A grinder motor is designed to operate at a current of \[5\,{{A}}\] and at a potential difference \[200\,{{V}}\] . What resistance must be connected in series with the motor so as to maintain the rated current when it is operated on a \[220\,{{V}}\] line?

Answer 1

Hint: First of all, we will apply the Ohm’s law and find out the resistance of the motor. Then we will again apply the Ohm’s law for the second case, by connecting a new resistor in series with the motor. Magnitude of current will remain the same in series connection. We will manipulate accordingly and find out the result.

Complete step by step answer:
In the given question, we are supplied the following data:
The rated current of the grinder motor is \[5\,{{A}}\] .
The rated potential difference of the grinder motor is \[200\,{{V}}\] .
We are asked to find the resistance which must be connected in series with the motor so as to maintain the rated current when it is operated on a \[220\,{{V}}\] line.

To begin with, first we need to find the resistance present inside the motor, then we have to adjust the new resistor, when the voltage is raised to \[220\,{{V}}\] . But in the second case, the resistor must be connected in series with the motor, so the current flow will remain the same. As we know, that in a series connection the current flow remains the same.

Now, we use the Ohm’s law to find the resistance in the motor.
By Ohm’s law we have,
\[V = iR\] …… (1)
Where,
\[V\] indicates potential difference.
\[i\] indicates the current flow.
\[R\] indicates the resistance of the motor.
By substituting required values in the equation (1), we get:
$
V = iR \\
\Rightarrow 200 = 5 \times R \\
\Rightarrow R = \dfrac{{200}}{5} \\
\Rightarrow R = 40\,{{\Omega }} \\
$
The resistance of the motor is found out to be \[40\,{{\Omega }}\] .
Now, for the second case, we connect a new resistor \[r\] in series with the motor.
So, the net resistance will now be \[\left( {40 + r} \right)\,{{\Omega }}\] .
So, again, we apply the Ohm’s law, we have:
$
V = i\left( {R + r} \right) \\
\Rightarrow 220 = 5 \times \left( {40 + r} \right) \\
\Rightarrow 220 = 200 + 5r \\
\Rightarrow 5r = 20 \\
$
Again, we further simplify,
$
\Rightarrow r = \dfrac{{20}}{5} \\
\Rightarrow r = 4\,{{\Omega }} \\
$
Hence, the resistance must be connected in series with the motor so as to maintain the rated current when it is operated on a \[220\,{{V}}\] line is \[4\,{{\Omega }}\] .

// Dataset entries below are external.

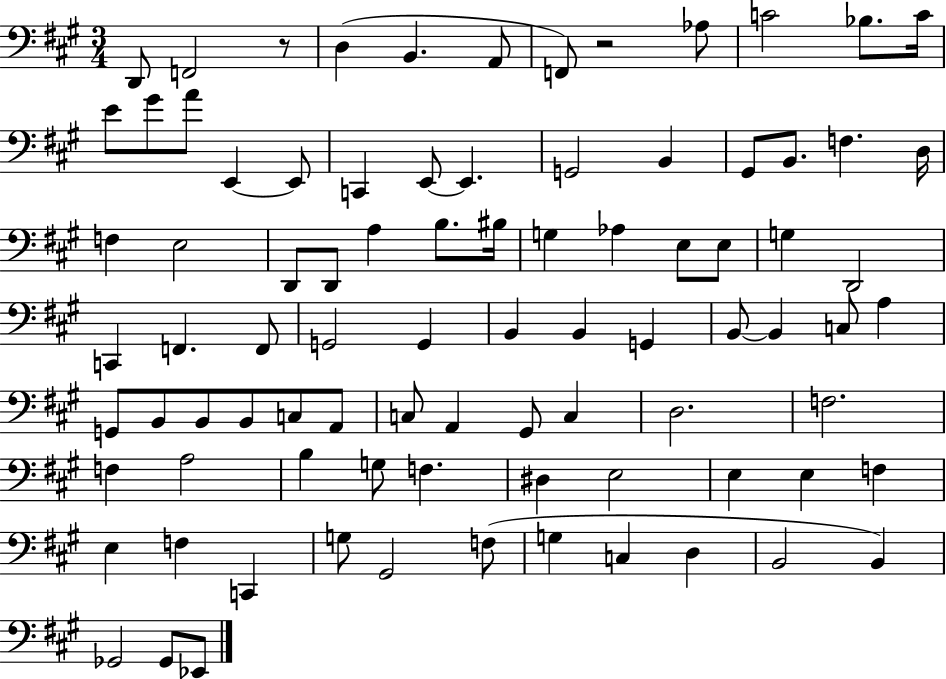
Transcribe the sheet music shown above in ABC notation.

X:1
T:Untitled
M:3/4
L:1/4
K:A
D,,/2 F,,2 z/2 D, B,, A,,/2 F,,/2 z2 _A,/2 C2 _B,/2 C/4 E/2 ^G/2 A/2 E,, E,,/2 C,, E,,/2 E,, G,,2 B,, ^G,,/2 B,,/2 F, D,/4 F, E,2 D,,/2 D,,/2 A, B,/2 ^B,/4 G, _A, E,/2 E,/2 G, D,,2 C,, F,, F,,/2 G,,2 G,, B,, B,, G,, B,,/2 B,, C,/2 A, G,,/2 B,,/2 B,,/2 B,,/2 C,/2 A,,/2 C,/2 A,, ^G,,/2 C, D,2 F,2 F, A,2 B, G,/2 F, ^D, E,2 E, E, F, E, F, C,, G,/2 ^G,,2 F,/2 G, C, D, B,,2 B,, _G,,2 _G,,/2 _E,,/2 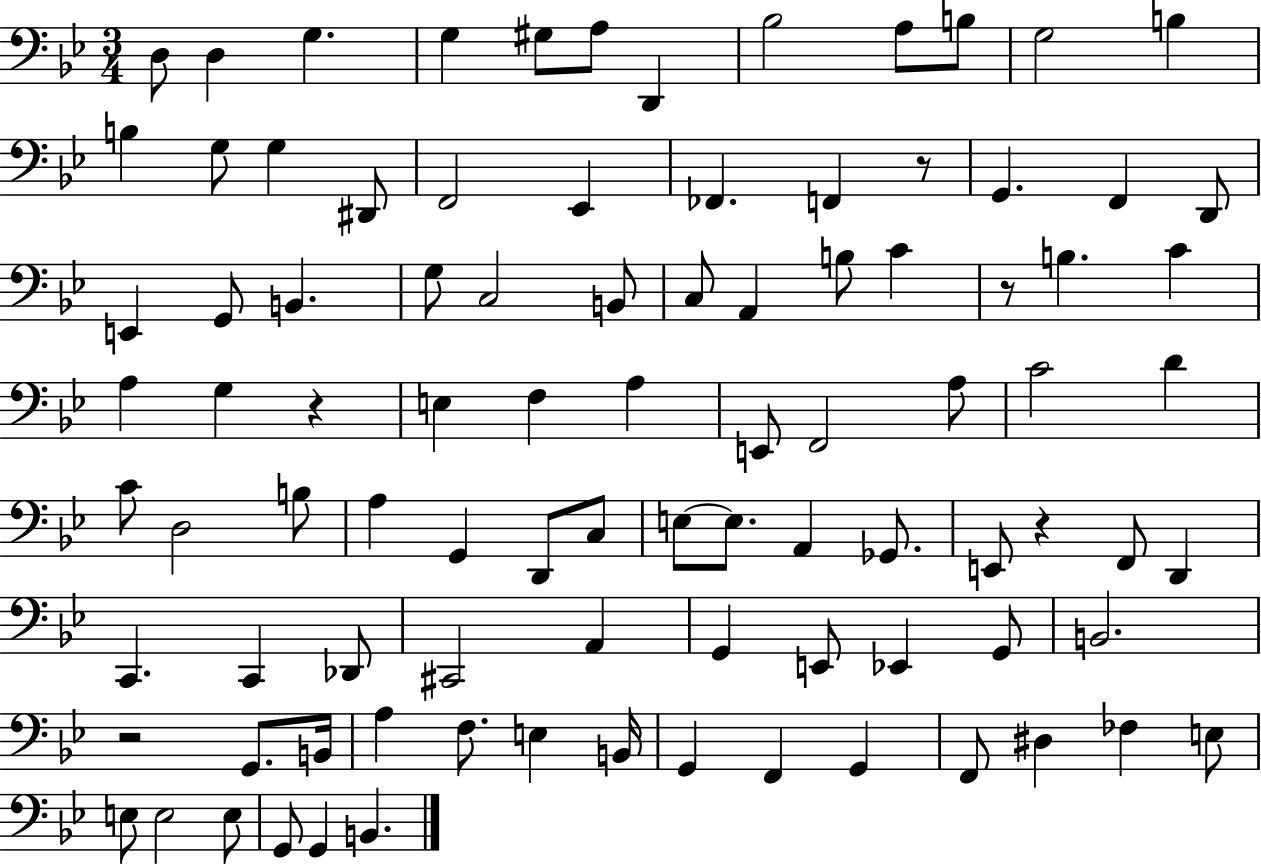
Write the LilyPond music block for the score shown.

{
  \clef bass
  \numericTimeSignature
  \time 3/4
  \key bes \major
  d8 d4 g4. | g4 gis8 a8 d,4 | bes2 a8 b8 | g2 b4 | \break b4 g8 g4 dis,8 | f,2 ees,4 | fes,4. f,4 r8 | g,4. f,4 d,8 | \break e,4 g,8 b,4. | g8 c2 b,8 | c8 a,4 b8 c'4 | r8 b4. c'4 | \break a4 g4 r4 | e4 f4 a4 | e,8 f,2 a8 | c'2 d'4 | \break c'8 d2 b8 | a4 g,4 d,8 c8 | e8~~ e8. a,4 ges,8. | e,8 r4 f,8 d,4 | \break c,4. c,4 des,8 | cis,2 a,4 | g,4 e,8 ees,4 g,8 | b,2. | \break r2 g,8. b,16 | a4 f8. e4 b,16 | g,4 f,4 g,4 | f,8 dis4 fes4 e8 | \break e8 e2 e8 | g,8 g,4 b,4. | \bar "|."
} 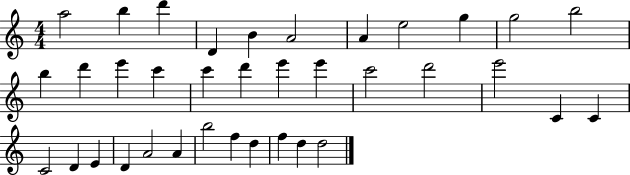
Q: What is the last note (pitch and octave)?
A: D5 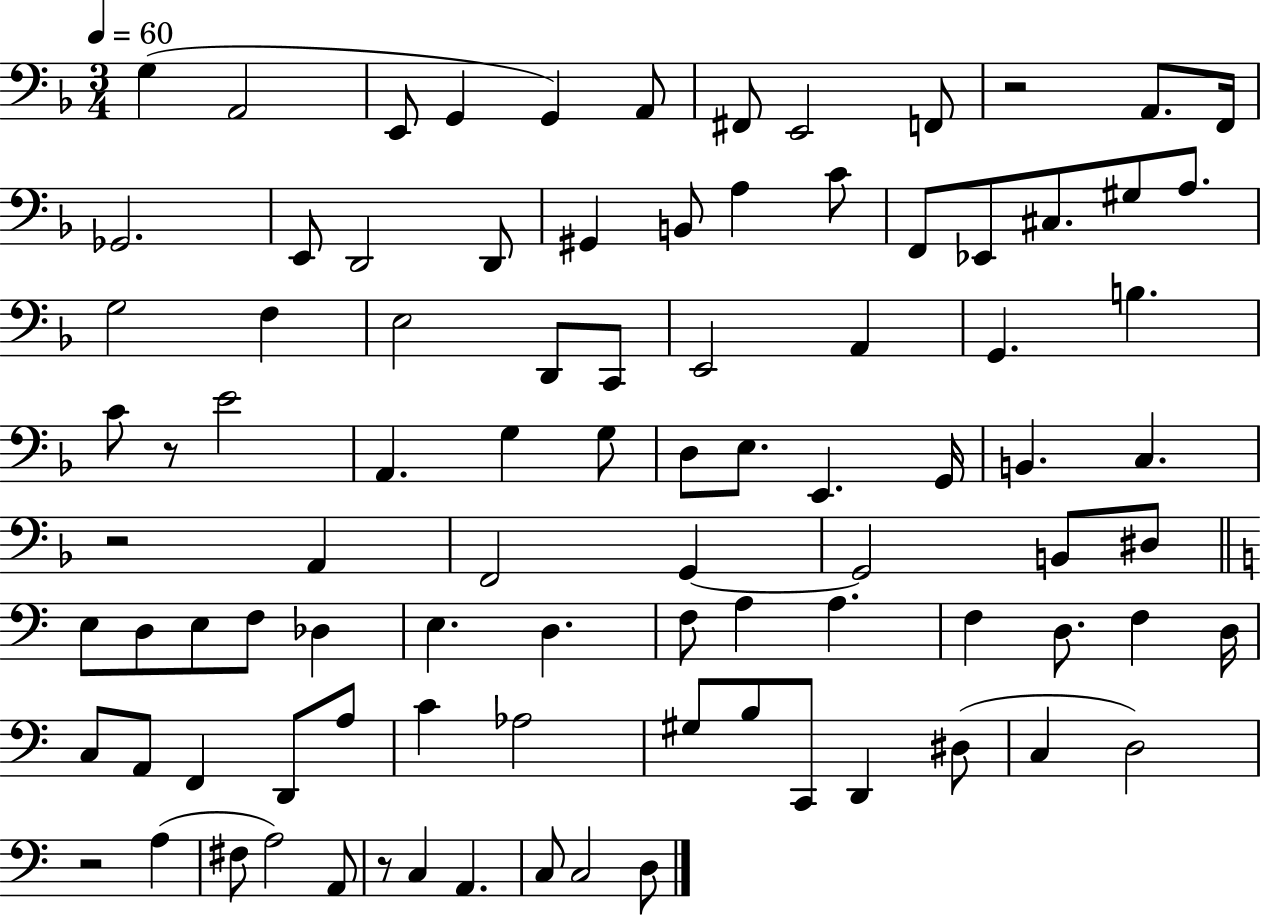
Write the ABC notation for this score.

X:1
T:Untitled
M:3/4
L:1/4
K:F
G, A,,2 E,,/2 G,, G,, A,,/2 ^F,,/2 E,,2 F,,/2 z2 A,,/2 F,,/4 _G,,2 E,,/2 D,,2 D,,/2 ^G,, B,,/2 A, C/2 F,,/2 _E,,/2 ^C,/2 ^G,/2 A,/2 G,2 F, E,2 D,,/2 C,,/2 E,,2 A,, G,, B, C/2 z/2 E2 A,, G, G,/2 D,/2 E,/2 E,, G,,/4 B,, C, z2 A,, F,,2 G,, G,,2 B,,/2 ^D,/2 E,/2 D,/2 E,/2 F,/2 _D, E, D, F,/2 A, A, F, D,/2 F, D,/4 C,/2 A,,/2 F,, D,,/2 A,/2 C _A,2 ^G,/2 B,/2 C,,/2 D,, ^D,/2 C, D,2 z2 A, ^F,/2 A,2 A,,/2 z/2 C, A,, C,/2 C,2 D,/2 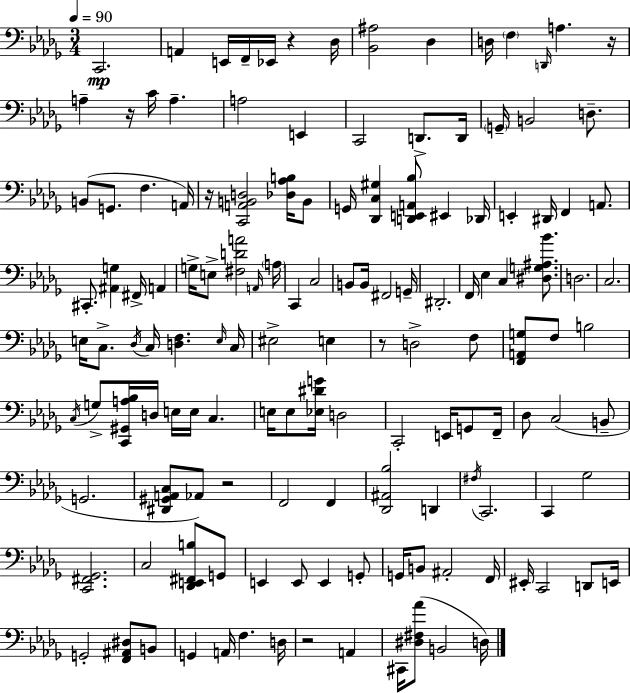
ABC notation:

X:1
T:Untitled
M:3/4
L:1/4
K:Bbm
C,,2 A,, E,,/4 F,,/4 _E,,/4 z _D,/4 [_B,,^A,]2 _D, D,/4 F, D,,/4 A, z/4 A, z/4 C/4 A, A,2 E,, C,,2 D,,/2 D,,/4 G,,/4 B,,2 D,/2 B,,/2 G,,/2 F, A,,/4 z/4 [C,,A,,B,,D,]2 [_D,_A,B,]/4 B,,/2 G,,/4 [_D,,C,^G,] [D,,E,,A,,_B,]/2 ^E,, _D,,/4 E,, ^D,,/4 F,, A,,/2 ^C,,/2 [^A,,G,] ^F,,/4 A,, G,/4 E,/2 [^F,DA]2 A,,/4 A,/4 C,, C,2 B,,/2 B,,/4 ^F,,2 G,,/4 ^D,,2 F,,/4 _E, C, [^D,G,^A,_B]/2 D,2 C,2 E,/4 C,/2 _D,/4 C,/4 [D,F,] E,/4 C,/4 ^E,2 E, z/2 D,2 F,/2 [F,,A,,G,]/2 F,/2 B,2 C,/4 G,/2 [C,,^G,,A,_B,]/4 D,/4 E,/4 E,/4 C, E,/4 E,/2 [_E,^DG]/4 D,2 C,,2 E,,/4 G,,/2 F,,/4 _D,/2 C,2 B,,/2 G,,2 [^D,,^G,,A,,C,]/2 _A,,/2 z2 F,,2 F,, [_D,,^A,,_B,]2 D,, ^F,/4 C,,2 C,, _G,2 [C,,^F,,_G,,]2 C,2 [_D,,E,,^F,,B,]/2 G,,/2 E,, E,,/2 E,, G,,/2 G,,/4 B,,/2 ^A,,2 F,,/4 ^E,,/4 C,,2 D,,/2 E,,/4 G,,2 [F,,^A,,^D,]/2 B,,/2 G,, A,,/4 F, D,/4 z2 A,, ^C,,/4 [^D,^F,_A]/2 B,,2 D,/4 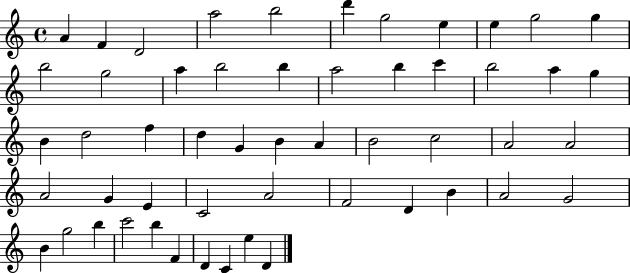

Note: While solving this problem, many students seem to have confusion regarding the magnitude of current in the second case. It should be noted that in series connection, the magnitude of current flow remains the same throughout the circuit. However, in case of parallel connection, the current flowing the different components are different but the potential difference across all the components remains the same.